Quando poi si costruisce male, di solito poi i risultati si vedono. Giusto?
«Certo. Il campo non perdona. Se non hai competenze e fai scelte scellerate, poi il campo non ti perdona».
Oggi è più difficile lavorare come diesse in Serie D?
«Si, ed io mi sono dato una spiegazione. Da tanti anni sento dire da quelli più grandi di me, che venti-trenta anni fa c'era un livello nettamente superiore. Partiamo da questo presupposto. Ed è vero. Però la differenza più netta che vedo rispetto al passato è che prima c'erano i presidenti. Quelli che, intanto, mettevano soldi ed investivano. Oggi, invece, tra la crisi economica ed il fatto che le società fanno pessime gestioni, non ci sono più i presidenti. Quello che una volta era un ruolo da mecenate oggi è diventato un mestiere. Ci sono società che hanno presidenti che prendono gli stipendi perché col mondo del calcio cercano di viverci. E queste persone, di conseguenza, prendono direttori sportivi che "portano" soldi. In Sicilia ce ne sono diversi di questi personaggi. E per di più, questi personaggi collezionano fallimenti su fallimenti. La serie D non può essere questo, non si può ridurre a questo. Il massimo campionato dilettantistico è lo specchio del calcio che poi troviamo nelle categorie superiori. Vi garantisco che in Sicilia la situazione è da accapponare la pelle».
Quindi l'equilibrio che regna nel girone I di serie D dipende a questo punto dalla mediocrità?
«Non me ne voglia nessuno ma il livello è veramente scadente perché tale è il livello degli allenatori. Trent'anni fa l'allenatore era un gestore ma c'erano giocatori con gli attributi in campo. Oggi, il calciatore vuole il "maestro", l'allenatore bravo. Capace nella gestione, nell'adattarsi all’avversario, nel saper cambiare modulo, nel motivare i giocatori. Io penso che ci sia oggi un livello scadente come non mai. Ho assistito a delle partite dove non si sono fatti tre passaggi di fila, lo schema era sempre portiere, difensore centrale, braccetto e lancio lungo di cinquanta metri. E purtroppo, spiace dirlo, quasi tutte le gare che ho visto hanno avuto questo copione».
Ci saranno tecnici che apprezza del girone I...
«Raimondo Catalano del Savoia, Raffaele Esposito della Vibonese e Massimo Agovino da poco arrivato alla Gelbison».
Allora chi può essere il favorito per il salto di categoria?
«Molto dipende dalle società, dalla loro intenzione. Ci avviciniamo al calciomercato invernale e questo inciderà tanto su quello che sarà il girone di ritorno che è notoriamente un altro campionato. La classifica è cortissima.

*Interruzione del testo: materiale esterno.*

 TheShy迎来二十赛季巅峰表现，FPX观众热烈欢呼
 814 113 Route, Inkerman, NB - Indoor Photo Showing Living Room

La Reggina, ad esempio, che sembrava tagliata fuori da tutto, domenica se dovesse battere l'Igea Virtus si porterebbe a quattro punti dall'attuale capolista. La prima società che capisce che le manca qualcosa e riesce ad intervenire, sia a livello di panchina che a livello di organico, anche con poco, secondo me può svoltare e vincere il campionato. È il momento di capire chi ci vuole provare davvero e se è pronto anche al dopo: a fare il salto sia a livello economico che organizzativo, perché poi la Lega Pro è davvero un altro campionato. Se devo dire chi lo può vincere direi Nissa, Reggina, Gelbison, Savoia, Vibonese ed Igea Virtus. Tutte queste per me lo possono vincere, chi lo vuole vincere è una domanda da fare tra un paio di mesi».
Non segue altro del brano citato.